Seekmedi has a section for patients to send in photos of specialists’ receipts. Meanwhile specialists are able to provide information on their expertise and fees, although he says: “it seems to be wishful thinking; I have only received 50 or so from specialists doing that.”
As a result, Zhu has updated the bios of most of the specialists across Australia, as well as consult fees, Medicare rebate, gap fee and pension rate, and for those who participate in the no-gap scheme he adds that in too.
“Because like any other fields, only by putting professionals on a comparison site will it create competition in a free market. It will always bring fees down or at least provide a downward pressure on fees,” he said.
Seekmedi is now moving into another area of frustration for GPs, specialists’ offices and patients, with users soon able to book specialists’ appointments via the platform.
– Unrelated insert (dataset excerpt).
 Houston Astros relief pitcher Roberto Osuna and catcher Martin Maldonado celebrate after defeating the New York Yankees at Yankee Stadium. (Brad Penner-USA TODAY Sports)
“I believe [it] will cut down the time specialist's secretaries spend answering millions of phone calls, enable patients to view exactly how long the waiting time is for the specialists, and make bookings as easy as it is to reserve a restaurant online.”
Following this week’s elevated attention on the issue of out-of-pocket medical expenses, Zhu said he hopes doctors and patients will now look in greater numbers online to find solutions to a critical problem.
“Just like one of the patient in the story pointed out towards the end, it is troublesome to think there are people out there avoiding vital specialist treatments simply because of the fear of excessive fees. Thus, having a website like Seekmedi, it can potentially save time, save money, lead to earlier diagnosis and, I believe, save lives too.”